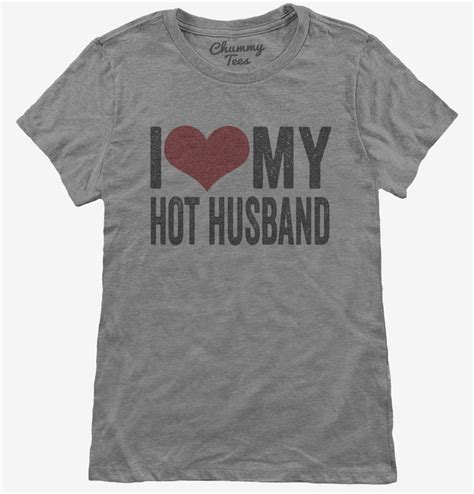 I Love My Hot Husband T Shirt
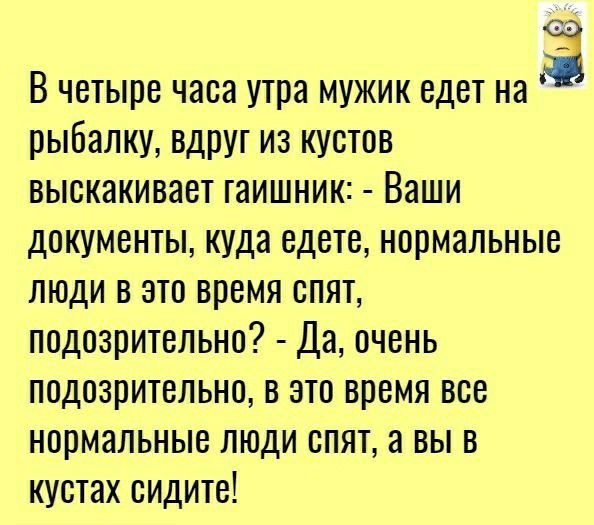 33 В четыре часа утра мужик едет на рыбалку вдруг из кустов выскакивает гаишник Ваши документы куда едете нормальные люди в это время спят подозрительно Да очень подозрительно в это время все нормальные люди опят а вы в кустах сидите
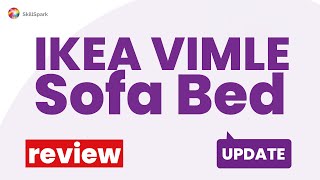 IKEA VIMLE Sofa Bed Review Pros and Cons [upl. by Lenno22]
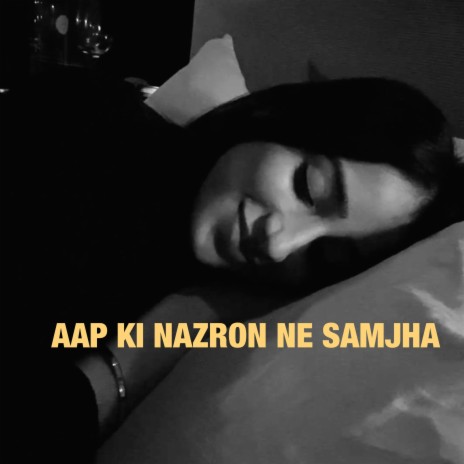 Aap Ki Nazron Ne Samjha ft. Harman Kaur
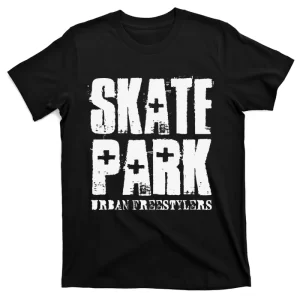 Skate Park Freestyle Skateboard Skater Gifts T-Shirt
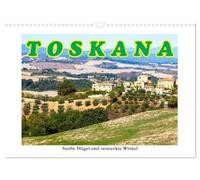 Calendrier 2027 · US Version · Les douces collines et les r ins secrets | de la Toscane · Beauté et charme, associés à des couleurs harmonieuses · DIN A3 paysage · CALVENDO Calendrier mural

· · · ·

Activity:
The pictures stay out; everything else in the records above must be repeated exactly.

Response:
 I Love My Hot Husband T Shirt
 33 В четыре часа утра мужик едет на рыбалку вдруг из кустов выскакивает гаишник Ваши документы куда едете нормальные люди в это время спят подозрительно Да очень подозрительно в это время все нормальные люди опят а вы в кустах сидите
 IKEA VIMLE Sofa Bed Review Pros and Cons [upl. by Lenno22]
 Aap Ki Nazron Ne Samjha ft. Harman Kaur
 Skate Park Freestyle Skateboard Skater Gifts T-Shirt
 Calendrier 2027 · US Version · Les douces collines et les r ins secrets | de la Toscane · Beauté et charme, associés à des couleurs harmonieuses · DIN A3 paysage · CALVENDO Calendrier mural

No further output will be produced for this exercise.